By Arman Kazemi
September 11, 2014
In a move that could usher in a new era for electric vehicles, Tesla Motors confirmed longstanding rumours when it announced last week that Nevada would be the home for the company's first lithium-ion “gigafactory.”
The facility aims to overcome the biggest hurdle facing Tesla: sheer lack of batteries. Tesla's predicted 35,000 car deliveries in 2014 isn’t limited by a lack of demand, but by the cost and availability of the lithium-ion packs that power its cars.
The factory is expected to cost upwards of $5 billion. Nevada beat other states in the bidding, including California, Arizona and Texas, by offering up one of the better incentive packages, amounting to about $1.2 billion in tax abatements over 20 years.
According to The Motley Fool, the entire world's lithium-ion production cannot supply Tesla with sufficient batteries to produce a mass-market electric vehicle, one of Tesla’s primary goals since it went public in 2010.
Earlier this summer Tesla entered a partnership with the Japanese electronics manufacturer and its primary lithium-ion supplier, Panasonic, to help build the gigafactory and to take the manufacture of lithium-ion into its own hands.
Panasonic will occupy half of the planned manufacturing site, a plot of industrial land nine miles east of Reno. Tesla’s other suppliers and its own module and assembly operations will take up the balance.
Tesla will continue to build its cars, including the vaunted Model 3, at its plant in Fremont, California.

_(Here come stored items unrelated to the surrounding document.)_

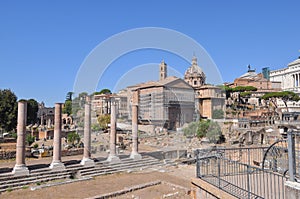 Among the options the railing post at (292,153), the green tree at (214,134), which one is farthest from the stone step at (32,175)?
the green tree at (214,134)

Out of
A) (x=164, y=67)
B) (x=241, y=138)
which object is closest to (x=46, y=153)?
(x=241, y=138)

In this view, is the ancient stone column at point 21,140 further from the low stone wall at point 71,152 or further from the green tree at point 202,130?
the green tree at point 202,130

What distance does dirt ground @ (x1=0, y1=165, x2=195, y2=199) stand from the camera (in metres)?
11.2

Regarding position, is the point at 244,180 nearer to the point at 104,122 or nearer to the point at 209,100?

The scale of the operation is also expected to trim production and manufacturing costs of the batteries, which account for the majority of EVs’ price deficit with traditional combustion engines.
By 2017, when the gigafactory kicks into operation, Tesla expects the cost of manufacturing the batteries to drop by a third. That could push the lithium-ion battery into what Clean Technica calls the “holy grail of EV battery pack costs,” at $100 per kilowatt hour.
This is the industry’s gold standard for “the point at which EVs will be undeniably cost-competitive with gas-powered vehicles,” the report states.
With this projection, Tesla estimates that it will be in a position to manufacture enough lithium-ion batteries to supply 500,000 vehicles a year by 2020. That would lay the groundwork for a truly mass-market electric car, potentially altering our transportation future.